*DATA RECORDS*:

====

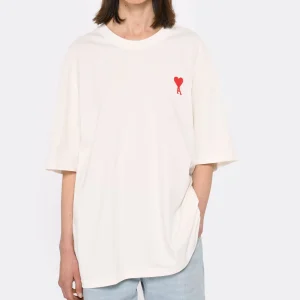 garantis authentique AMI Paris Tee-shirt Unisexe Ami De Cœur Coton Biologique Blanc Rouge 11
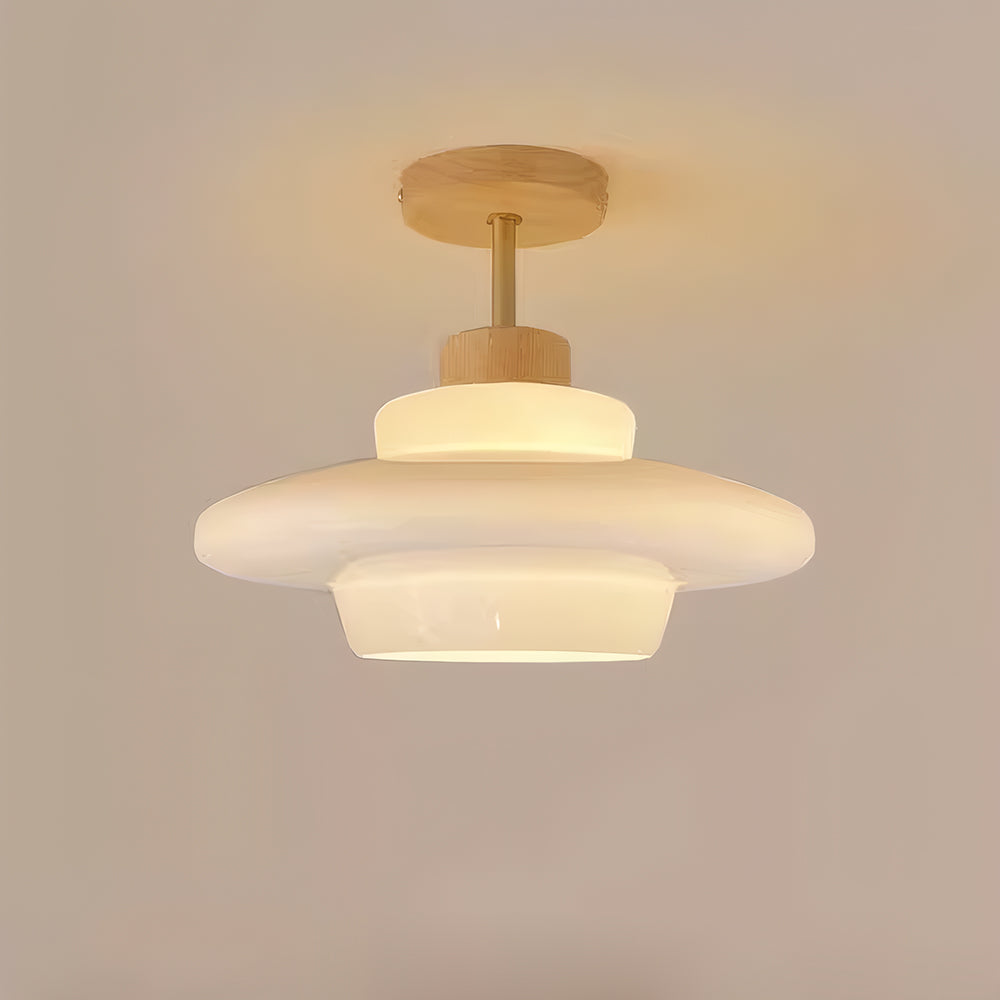 Nordelle Cream Glass Ceiling Light with Wood Accent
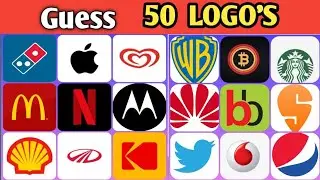 Guess 50 LOGO'S in 5 seconds||Logo Quiz||50 Famous logos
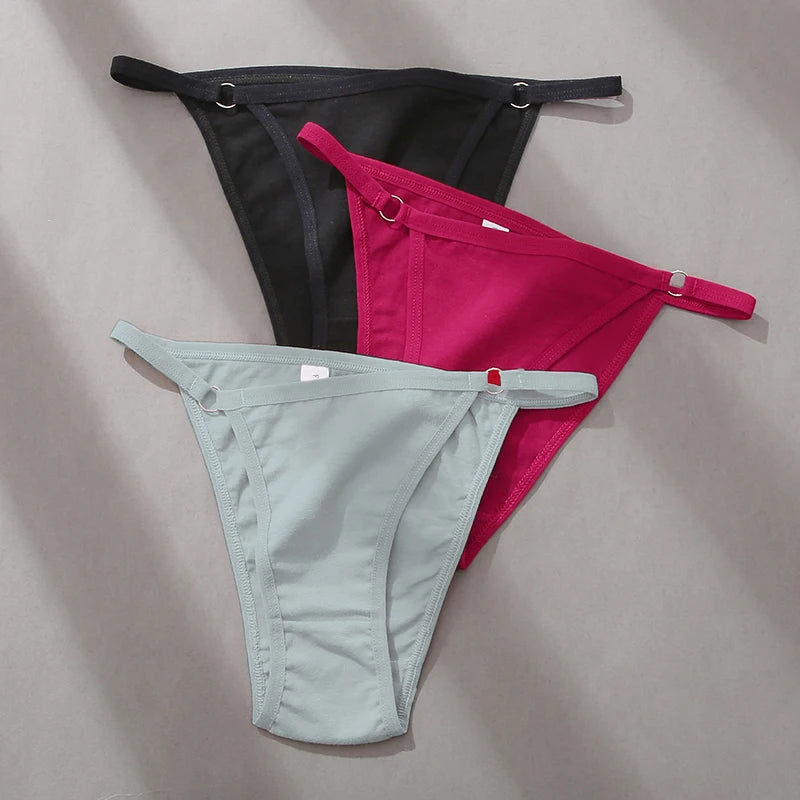 3Pcs/set Women's Cotton Panties Low Waist Bikini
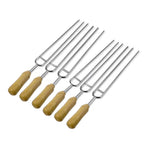6er Set U-förmige Grillspieße mit Holzgriff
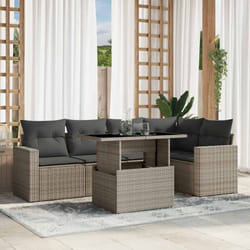 Vidaxl - Salon de jardin 6 pcs avec coussins gris clair résine tressée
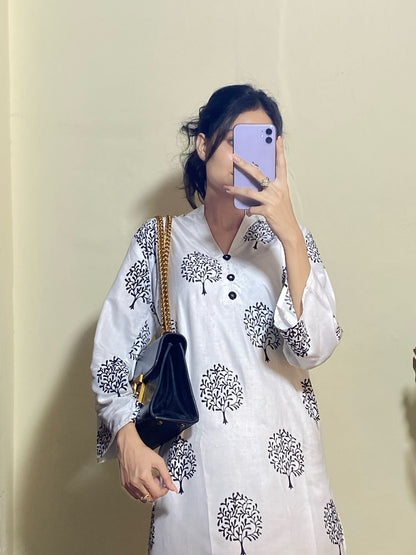 Tree print - White 2pc Dress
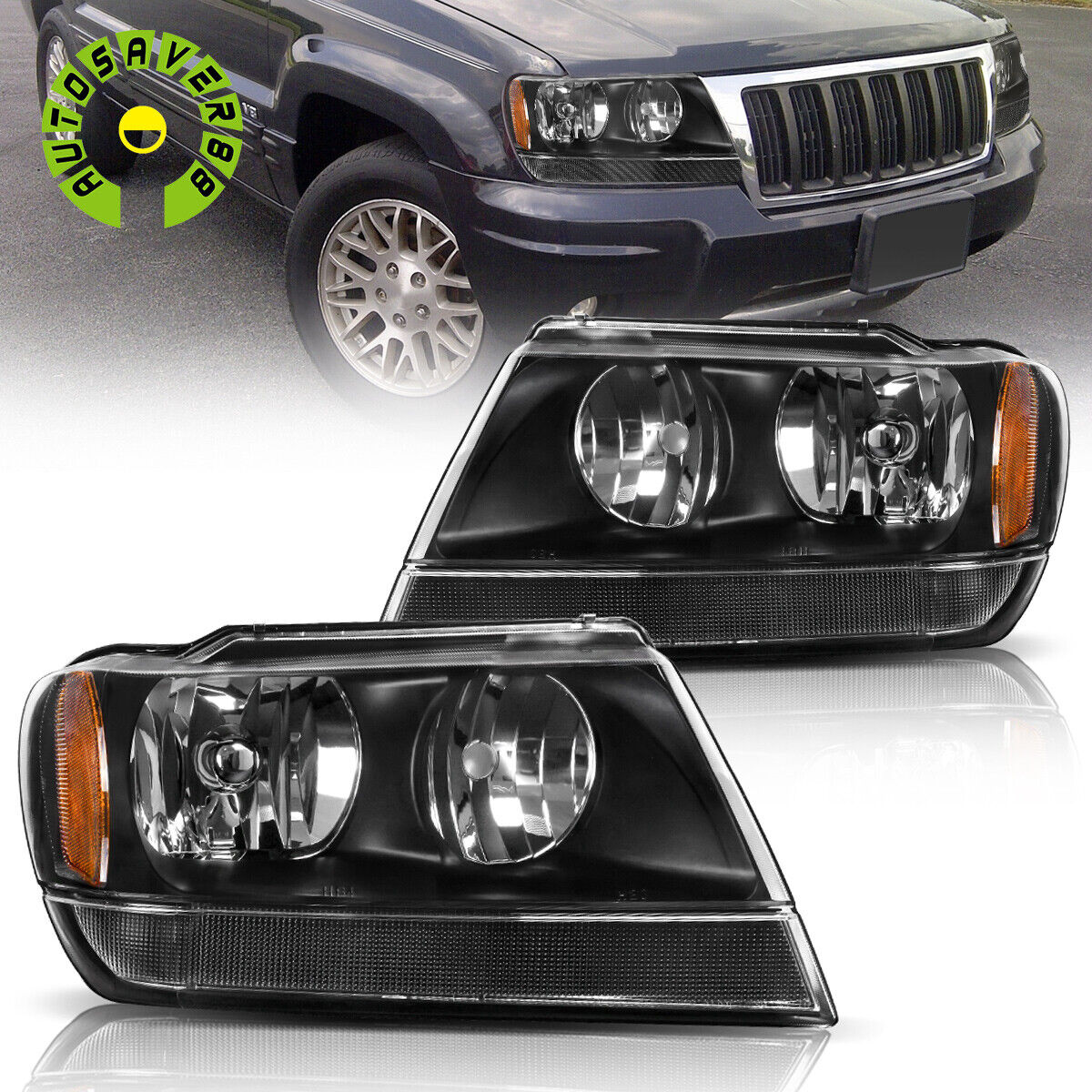 For 1999-2004 Jeep Grand Cherokee Black Amber Reflector Replacement Headlights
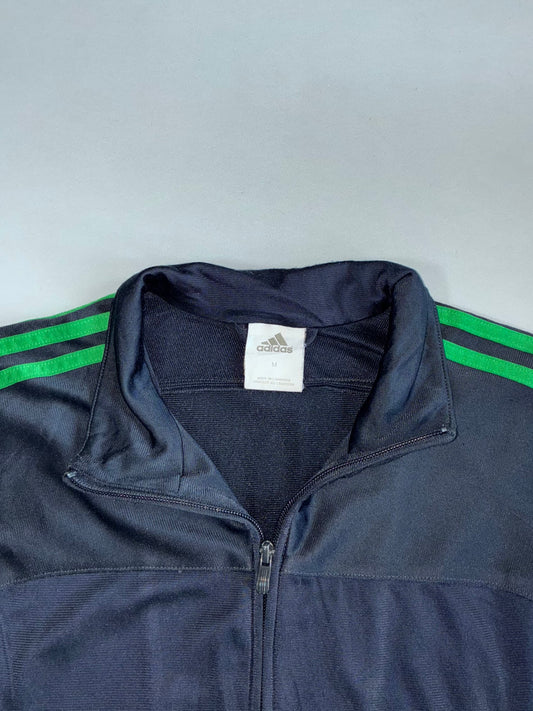 Adidas Black & Green 3-Stripes Track Jacket | Vintage Full Zip(S/M)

====

*EXERCISE OBJECTIVE*: Leave out every picture, and copy exactly the lines from the line that contains "Tree print - White 2pc Dress" through the end of the material.

*RESPONSE BELOW*:
 Tree print - White 2pc Dress
 For 1999-2004 Jeep Grand Cherokee Black Amber Reflector Replacement Headlights
 Adidas Black & Green 3-Stripes Track Jacket | Vintage Full Zip(S/M)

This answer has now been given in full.